3. Is it ok for us to agree with you that the B/C guys are co-belligerents for the Gospel and be glad they are, yet have enough concerns about factors in some of their ministries that we avoid linking up with them? A or B?

I think you'll say that's ok to do those things. I don't care if you tell me if it is A or B because those categories aren't in Scripture, and neither of them fit what I'm trying to be.

4. Is it ok for us to be militant separatist and still love and appreciate KJVO guys when they speak and do truth, and applaud them when they do?
5. Is it ok for us to be charitable in the way we build and maintain fences on that side of the lawn?
6. Is it ok for us to think anti-Calvinists and revivalists are co-belligerents for the Gospel and be glad they are?
7. Is it ok for us, if they don't burn our house and our fence down with a flame-thrower, to shake hands over the fence on that side, too?
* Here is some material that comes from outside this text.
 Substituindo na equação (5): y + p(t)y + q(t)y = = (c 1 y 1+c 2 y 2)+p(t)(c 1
Is that OK, or does that make us an A tending towards A+?

My biggest question:
8. Is it ok for us to mostly just not worry about all these conferences and parachurch organisations that give rise to all these questions and basicly just stick to loving and serving the Lord in our own church? Is it ok to limit fellowship (with those outside of our church) pretty much to those we are really in agreement with, because, really, we don't have time for a whole lot of extra-church stuff anyway?
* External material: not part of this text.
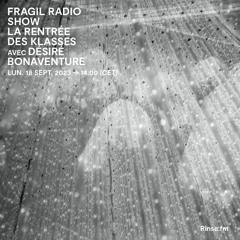 Fragil Radio Show : La Rentrée des Klasses avec Désiré Bonaventure - 18 Septembre 2023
Is that ok, or is that the horrible #1 choice you've described of separating from everyone because we enjoy it? Smile

Joel Tetreau's picture

Jim - hilarious!

JG -
1. Yes, probably a gracious A guy - which there are plenty of.
2. You could believe that and be A, B or C.
3. Of course - again this is the view of gracious A guys.
4. Sure - as long as the KJV guys are not the non-orthodox version.....usually the non-orthodox KJV guys will have nothing to do with even a gracious type A guy unless you are non-orthodox as well. I think you A guys know what I'm talking about.
5. Please!
6. Great question and Yes! As long as the anti-Calvinism doesn't take you to the non-orthodox view of Pelagianism, that is as long as we preach the same gospel we can have some koinonia. I actually have another article I'd like to write no time soon - maybe 9 years from now - on how Fundamentalism, Evangelicalism, Dispensationalism and Reformed-ism ought to be working together in the main ..... to some degree.
7. Yes - talking to each other is far better than arson.
8. Bro - the local church is where it's at my man. We don't need the conferences. They are nice and it's fun.....but all we need is the Scriptures, the Gospel, the Holy Spirit and a local church that loves each other and is committed to the great commission. If I communicated that we “have” to hang here or there – that’s not the priority. The local church is the priority.

Straight Ahead bro!
ps - OK really that's all for now. Later guys.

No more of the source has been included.